■ TASK INPUTS
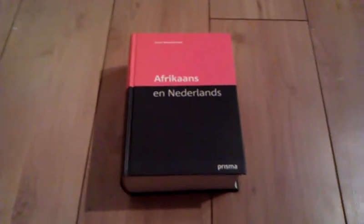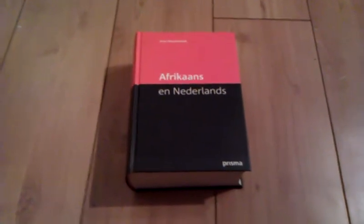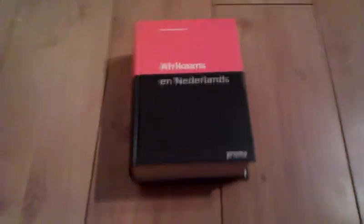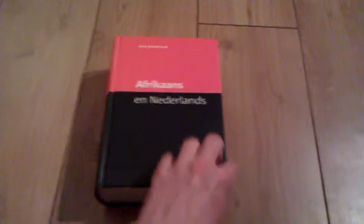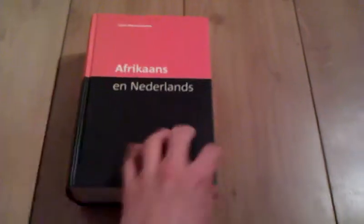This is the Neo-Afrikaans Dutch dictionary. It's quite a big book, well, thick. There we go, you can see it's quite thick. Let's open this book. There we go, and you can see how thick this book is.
---
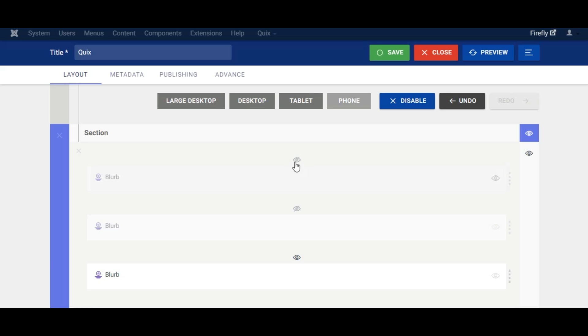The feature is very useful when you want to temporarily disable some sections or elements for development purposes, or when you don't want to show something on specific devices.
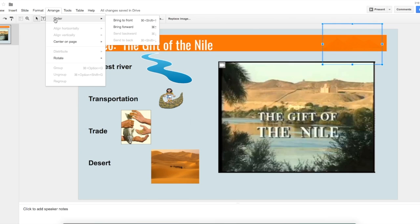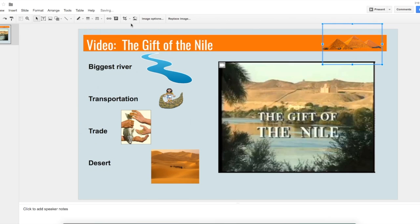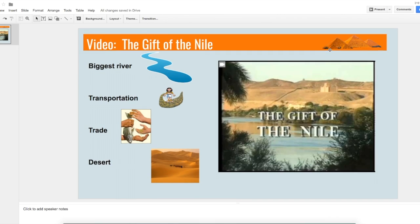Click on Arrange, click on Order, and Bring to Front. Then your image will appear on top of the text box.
* * *
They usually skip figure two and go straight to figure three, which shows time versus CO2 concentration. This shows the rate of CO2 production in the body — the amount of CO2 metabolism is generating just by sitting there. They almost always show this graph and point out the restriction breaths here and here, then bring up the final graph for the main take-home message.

■ TASK BRIEF
With the pictures omitted, print the lines above exactly, beginning at the line with "The feature is" and going on through the line with "Click on Arrange, click".

■ RESPONSE BELOW
The feature is very useful when you want to temporarily disable some sections or elements for development purposes, or when you don't want to show something on specific devices.
Click on Arrange, click on Order, and Bring to Front. Then your image will appear on top of the text box.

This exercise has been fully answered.